U.S. Pat. No. 3,027,760 to Holderer, "Adjustable Porous Walls for Wind Tunnels", has primary application to transonic wind tunnels and introduces variable perforation means in wall means to absorb shock waves emanating from a test model. A solid wall would reflect the shock waves back toward the model interfering with the intent to simulate the flow over the model that would occur in flight through the atmosphere. The perforations allow a means of escape of the compressed air from a shock wave into an outer chamber which absorbs the energy from the wave. The outer chamber requires significant air flow which is thereby minimized by the ability to vary the perforation size depending on the strength of the shock waves.
The invention of Holderer can be easily be distinguished from the present invention, in that the patent has an object to enhance the accuracy of the air flow in a wind tunnel. In contrast, the present invention has as an object to replicate the cooling and heating effects of air flow around a unit under test by the disclosed means without using a wind tunnel Again this approach will only use a small fraction of the air flow and compressor size and power of a wind tunnel.

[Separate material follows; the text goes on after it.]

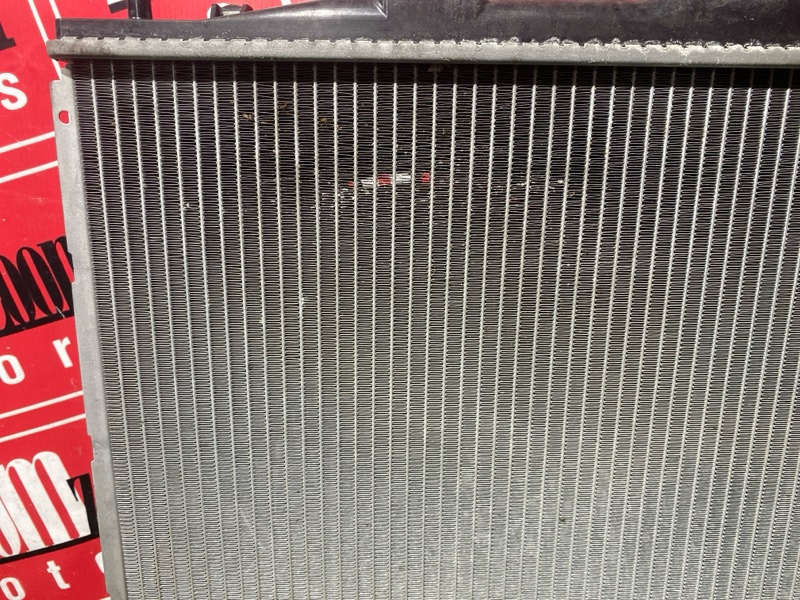 Радиатор двигателя, 8000 рублей, Солонцы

U.S. Pat. No. 2,510,952 to Brewster, "Temperature Testing Chamber", discloses means to closely regulate the air temperature in a ground pressure testing chamber for equipment preventing sudden temperature excursions. The invention uses valve and ducting means to separately re-circulate from the chamber through the cooling and heating means where the temperature of the test chamber can be accurately raised or lowered without significant temperature overshoot. Brewster can be distinguished from the present invention in that its capability is limited to temperature control only and can not simulate the heating or cooling effects on a test article from the air stream during flight.
U.S. Pat. No. 2,439,806 to Heineman, "Testing Chamber", discloses means to perform testing of equipment and personnel at simulated high altitude conditions. The invention of Heineman introduces a thin metallic membrane into the insulated walls to prevent migration of moisture and damage to the insulation. The Invention of Heineman can be distinguished from the present invention in that its capability is limited to temperature, altitude, and humidity control and can not simulate the heating or cooling effects on a test article from the air stream during flight.
U.S. Pat. No. 2,309,938 to Diserens et al., "Cooling System for Wind Tunnels or Similar Enclosures", discloses means to cool large air flow rates required by wind tunnels down to simulated high altitude conditions without adding significant blockage and flow resistance in the form of cooling coils or other direct contact cooling apparatus in the wind tunnel loop. The means includes an external air liquefaction system which accumulates liquid air and then sprays the liquid at as high rates as needed through a distribution manifold into the air upstream of the test section. Compared to cooling coils, the spray system adds little flow impedance, while delivering a substantial cooling effect.
Diserens et al., can be distinguished from the present invention in that the means and goals of the patent are limited to providing cooling of air flowing through the wind tunnel In contrast, the present invention simulates the cooling and heating effects of the air flow on airborne equipment at high speeds. In addition, the air flow rate needed by the present invention is only a small fraction of that required by a wind tunnel.
It was with knowledge of the foregoing state of the technology that the present invention has been conceived and is now reduced to practice.